I know that CodeTyphon is working on their version 4.30 that should have a docked Lazarus IDE.
Should be out any day now.
Maybe Sternas can enlighting us about it, as it may be what you want.
Sternas has been rather secretive about their policies. For example the question "why do they always fork instead of contributing back?" is still not answered.
Is their docking solution based on Anchordocking or is it their own new system? And indeed, is it GPL?
Their modifications for IDE code must remain GPL, but they can provide installable packages with a different license.
My interpretation of the situation is:
CodeTyphon is building a fully integrated solution with a professional attitude. They have a clear vision and they put it in action. They fork everything because then they have full control over their development. Otherwise they would have to argue with geeks on mailing lists and furums which is (admittedly) mostly wasted time.
Sternas Stefanos and CodeTyphon somehow remind me of Mark Shuttleworth and Ubuntu.
Mark Shuttleworth has great social and business skills, and a vision of what had to be done. He made Ubuntu the best and most popular Linux distro in just ~2 years. He also dumped the original Debian compliant repositories so that he could improve the system instead of arguing endlessly with some Debian geeks. Even the latest development clearly has a vision of bringing Ubuntu to future devices.

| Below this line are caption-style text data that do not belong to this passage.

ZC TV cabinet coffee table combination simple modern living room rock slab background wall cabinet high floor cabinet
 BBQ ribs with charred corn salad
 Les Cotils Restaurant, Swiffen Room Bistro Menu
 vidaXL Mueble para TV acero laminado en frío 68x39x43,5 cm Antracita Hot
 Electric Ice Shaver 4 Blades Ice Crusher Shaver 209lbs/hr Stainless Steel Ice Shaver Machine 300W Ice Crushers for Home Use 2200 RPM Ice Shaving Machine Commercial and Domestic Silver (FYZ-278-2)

My prediction is that CodeTyphon will make Lazarus project obsolete in maybe 5 years. Same thing happens with many of the libraries they forked.
Is it bad? No, the quality of SW matters. If they make a better system then Lazarus deserves to be obsolete.
Maybe they hire some Lazarus core developers then ...
This traditional open source model has serious problems. An example is this fruitless arguing about if docking is good or bad.
This kind of discussion should go to FaceBook. There could be thumb buttons for "I like docking" and "I don't like docking".
Another example was the infamous endless splash-screen discussion.
The fact is that in this kind of non-professional environment the "signal/noise ratio" drops very low. Very little substance (source code, documentation...) is created to balance the endless debates. Sad but true.